They made jokes.
After scoring a goal in the Kraken’s win over Edmonton on Friday night, defenseman Adam Larrson drew chuckles when he told media members not to get used to it. Asked to describe his goal, Colin Blackwell said he “blacked out.” Head coach Dave Hakstol closed his press conference with a back-and-forth about assistant coach Paul McFarland, who was hit in the head with a puck during the game.
“Actually glad that one hit him because I did see it,” Hakstol said with a smirk on his way out the door.
The mood after Friday’s game was a far cry from the quiet, frustrated press conferences of November. There wasn’t much to joke about when the Kraken were in the midst of a six-game losing streak, having dropped eight out of their last nine. Instead of teasing, the players lamented the team’s tendency to find ways to lose. But that hasn’t been the case lately.

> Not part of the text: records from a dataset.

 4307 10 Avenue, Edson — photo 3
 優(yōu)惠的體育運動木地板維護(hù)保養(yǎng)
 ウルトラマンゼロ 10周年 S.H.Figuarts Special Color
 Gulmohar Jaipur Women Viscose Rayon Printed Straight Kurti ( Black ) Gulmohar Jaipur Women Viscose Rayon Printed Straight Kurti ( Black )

“Everything’s great,” Blackwell said when asked about the team’s recent mood.
It’s easy to see why.
Winners of five of their last seven, the Kraken are on an upward swing. Their 5-1-1 record — good for 11 points — since Nov. 21 is tied with Minnesota (5-0-1, 11 points) for the NHL’s best mark in that span. Seattle has also registered points in four straight games.

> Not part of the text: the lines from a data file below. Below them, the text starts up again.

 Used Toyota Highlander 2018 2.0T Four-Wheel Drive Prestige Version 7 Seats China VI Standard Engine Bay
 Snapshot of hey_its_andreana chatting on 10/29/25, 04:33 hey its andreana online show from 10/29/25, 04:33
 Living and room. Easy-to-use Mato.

“I think we’re getting a lot of good efforts from everybody,” Blackwell said. “I think that’s what it takes to win in this league. There’s positivity around the room. You see it on the bench, too. Somebody might not win a battle — or maybe you do win a battle — everybody is kind of cheering each other on and that’s what it takes to kind of motivate one another and support one another. Good things are happening for us.”
The success on the ice has translated to a lighter atmosphere and energetic practices. And as Hakstol and his players spoke after the victory over Edmonton, the word “identity” came up again and again. A month ago, they were talking about searching for one. Now, they seem to have found it.

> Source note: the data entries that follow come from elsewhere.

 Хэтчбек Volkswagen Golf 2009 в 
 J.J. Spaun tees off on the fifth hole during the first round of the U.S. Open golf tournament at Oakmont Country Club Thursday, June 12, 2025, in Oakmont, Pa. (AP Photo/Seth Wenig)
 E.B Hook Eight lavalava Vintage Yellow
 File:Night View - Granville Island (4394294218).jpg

“I think it’s just the confidence,” defenseman Carson Soucy said Friday of the team’s shift in mood. “Last home stand we beat some good teams and then we went on the road and beat some good teams, too. I think it’s confidence in our game and what we have to do to be successful.
“I think we’re starting to see what that takes and how to do it night in and night out. Obviously, it’s not going to be perfect games but I think we’re closer to 60 minutes every night. I think just that confidence is kind of building.”
The difference in the Kraken from a month ago until now was on full display against Edmonton, a team that beat Seattle 5-2 on Nov. 1. This time around, the Kraken took control in the second period and then held off a comeback attempt from Connor McDavid and the high-powered Oilers. Thanks to a Seattle penalty, Edmonton even played the final 90 seconds with a six-on-four advantage.
“We have a little bit more cohesion,” Hakstol said. “That’s natural. That’s going to come with being in those situations together. There’s different people involved. The guys, especially down the stretch, did a pretty good job. We gave up (a goal) right after the power play. That’s one that made our job a little harder. But again, they made a good play and got within one. But from there, they took a deep breath and then went out and did our job from there.”
With 20 points, the Kraken are currently in seventh place in the Pacific Division and six points out of the final wild-card spot. They’ll have a chance to make up more ground over the remainder of this home stand. After facing Pittsburgh on Monday, Seattle will play Winnipeg and Columbus before heading back out on the road.
“We’re a much more mature group right now,” said forward Yanni Gourde. “We’re making better decisions. We know what to do. We’re confident in our group. We got to keep pushing.”